What Are Test-Blind Schools and How Do They Work?
Test-blind schools are fundamentally different from test-optional schools: they do not consider standardized test scores even if you submit them. The University of California system — including UCLA, UC Berkeley, UC San Diego, and all other UC campuses — is the most prominent example. Caltech briefly went test-blind during the pandemic but has since reinstated requirements. At a test-blind school, preparing for and taking the SAT or ACT is only valuable if you are also applying to test-required or test-optional schools where the scores will be used.
Strategic Considerations for Class of 2027 Applicants
If you are a current sophomore — part of the Class of 2027 — the testing landscape you will face when you apply in fall 2026 may look different still.

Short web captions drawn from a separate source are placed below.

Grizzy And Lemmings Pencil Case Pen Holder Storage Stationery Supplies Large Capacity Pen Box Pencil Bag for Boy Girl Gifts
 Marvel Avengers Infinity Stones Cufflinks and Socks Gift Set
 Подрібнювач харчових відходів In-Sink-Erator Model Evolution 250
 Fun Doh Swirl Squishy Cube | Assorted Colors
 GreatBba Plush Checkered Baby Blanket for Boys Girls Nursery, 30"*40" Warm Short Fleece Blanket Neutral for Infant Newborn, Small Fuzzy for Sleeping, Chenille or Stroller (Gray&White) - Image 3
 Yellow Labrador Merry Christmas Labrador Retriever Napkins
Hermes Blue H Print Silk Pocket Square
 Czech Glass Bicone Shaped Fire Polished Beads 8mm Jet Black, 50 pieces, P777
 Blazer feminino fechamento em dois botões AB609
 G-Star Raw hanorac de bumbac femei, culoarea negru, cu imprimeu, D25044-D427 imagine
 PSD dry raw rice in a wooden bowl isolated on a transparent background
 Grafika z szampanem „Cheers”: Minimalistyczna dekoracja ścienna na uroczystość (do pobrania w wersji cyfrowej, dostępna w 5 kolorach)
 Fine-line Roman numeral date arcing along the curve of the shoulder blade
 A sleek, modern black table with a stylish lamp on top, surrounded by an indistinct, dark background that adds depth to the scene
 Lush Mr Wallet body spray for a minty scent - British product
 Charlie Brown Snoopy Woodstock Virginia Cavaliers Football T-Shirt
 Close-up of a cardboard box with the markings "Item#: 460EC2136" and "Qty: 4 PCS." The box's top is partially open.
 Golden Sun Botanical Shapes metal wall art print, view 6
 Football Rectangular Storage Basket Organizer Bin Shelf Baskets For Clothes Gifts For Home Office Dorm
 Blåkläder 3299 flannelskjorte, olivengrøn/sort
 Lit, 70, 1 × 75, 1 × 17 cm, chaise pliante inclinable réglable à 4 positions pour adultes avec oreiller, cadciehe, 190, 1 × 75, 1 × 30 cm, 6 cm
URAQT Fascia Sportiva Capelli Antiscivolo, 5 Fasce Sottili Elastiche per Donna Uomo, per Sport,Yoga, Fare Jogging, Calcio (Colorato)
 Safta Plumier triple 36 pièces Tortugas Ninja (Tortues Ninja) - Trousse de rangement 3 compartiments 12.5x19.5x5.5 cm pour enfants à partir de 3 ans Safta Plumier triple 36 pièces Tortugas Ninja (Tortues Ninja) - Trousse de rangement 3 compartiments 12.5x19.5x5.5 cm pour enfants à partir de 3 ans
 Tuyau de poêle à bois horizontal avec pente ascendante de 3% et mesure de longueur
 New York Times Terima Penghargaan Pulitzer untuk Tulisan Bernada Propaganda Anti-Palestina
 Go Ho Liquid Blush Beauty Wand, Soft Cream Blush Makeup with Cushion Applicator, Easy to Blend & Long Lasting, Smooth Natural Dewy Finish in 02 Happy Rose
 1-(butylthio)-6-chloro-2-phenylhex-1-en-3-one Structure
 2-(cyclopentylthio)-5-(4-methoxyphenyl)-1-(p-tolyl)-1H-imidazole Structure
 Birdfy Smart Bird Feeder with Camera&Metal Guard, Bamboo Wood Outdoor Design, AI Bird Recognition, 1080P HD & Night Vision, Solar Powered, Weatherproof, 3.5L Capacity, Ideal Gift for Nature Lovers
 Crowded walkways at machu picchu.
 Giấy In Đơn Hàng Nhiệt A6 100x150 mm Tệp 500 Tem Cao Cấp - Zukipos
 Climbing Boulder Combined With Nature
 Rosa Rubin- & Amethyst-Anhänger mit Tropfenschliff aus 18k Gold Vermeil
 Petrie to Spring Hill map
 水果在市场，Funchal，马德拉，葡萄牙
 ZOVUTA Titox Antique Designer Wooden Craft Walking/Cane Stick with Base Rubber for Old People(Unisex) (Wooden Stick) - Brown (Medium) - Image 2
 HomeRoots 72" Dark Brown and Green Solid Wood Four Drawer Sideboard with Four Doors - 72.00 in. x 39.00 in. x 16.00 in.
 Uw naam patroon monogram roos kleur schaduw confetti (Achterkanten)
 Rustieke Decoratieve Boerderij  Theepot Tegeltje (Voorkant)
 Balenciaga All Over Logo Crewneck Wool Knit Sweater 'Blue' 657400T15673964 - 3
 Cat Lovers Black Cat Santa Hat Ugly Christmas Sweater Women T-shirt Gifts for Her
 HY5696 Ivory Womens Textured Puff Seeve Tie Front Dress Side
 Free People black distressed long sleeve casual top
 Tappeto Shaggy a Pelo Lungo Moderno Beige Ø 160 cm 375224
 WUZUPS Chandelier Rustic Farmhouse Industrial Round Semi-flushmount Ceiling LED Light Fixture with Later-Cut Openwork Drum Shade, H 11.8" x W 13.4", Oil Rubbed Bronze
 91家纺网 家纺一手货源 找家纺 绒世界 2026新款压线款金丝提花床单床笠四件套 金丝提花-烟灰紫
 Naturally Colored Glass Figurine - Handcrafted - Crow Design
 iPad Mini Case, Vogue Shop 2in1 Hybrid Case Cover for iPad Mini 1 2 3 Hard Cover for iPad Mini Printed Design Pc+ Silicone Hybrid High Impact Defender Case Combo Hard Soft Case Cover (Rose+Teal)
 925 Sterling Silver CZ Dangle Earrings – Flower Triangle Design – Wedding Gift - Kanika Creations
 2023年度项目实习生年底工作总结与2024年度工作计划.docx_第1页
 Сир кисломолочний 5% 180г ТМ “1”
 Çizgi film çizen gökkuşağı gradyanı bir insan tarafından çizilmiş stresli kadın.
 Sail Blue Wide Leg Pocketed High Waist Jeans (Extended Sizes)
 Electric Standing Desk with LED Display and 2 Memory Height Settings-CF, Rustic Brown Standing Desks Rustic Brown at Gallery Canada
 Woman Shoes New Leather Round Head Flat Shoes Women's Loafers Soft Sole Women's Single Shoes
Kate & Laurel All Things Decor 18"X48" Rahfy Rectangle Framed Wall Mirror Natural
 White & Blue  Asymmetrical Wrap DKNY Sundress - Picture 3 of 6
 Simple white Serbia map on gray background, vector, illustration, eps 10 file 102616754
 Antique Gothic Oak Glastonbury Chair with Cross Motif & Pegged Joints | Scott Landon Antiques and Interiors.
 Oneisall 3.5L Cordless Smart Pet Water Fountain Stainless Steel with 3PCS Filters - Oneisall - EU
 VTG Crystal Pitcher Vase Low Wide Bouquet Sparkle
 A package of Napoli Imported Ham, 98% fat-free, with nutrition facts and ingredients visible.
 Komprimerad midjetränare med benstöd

The trend toward reinstating test requirements at highly selective schools shows no sign of reversing. More schools are likely to follow Harvard, Yale, Brown, and Dartmouth. The safest strategy is to treat testing seriously from the start: begin preparation in tenth grade, aim high, and give yourself multiple attempts to achieve a score that will be an asset at every school on your list.
The SAT and ACT are both excellent tests, and the choice between them comes down to personal fit. The SAT has a stronger math section relative to verbal, and no time pressure on science reasoning as a separate section. The ACT tests science explicitly and tends to be slightly faster-paced. Take a practice version of each and compare your performance and comfort level before committing to a prep plan.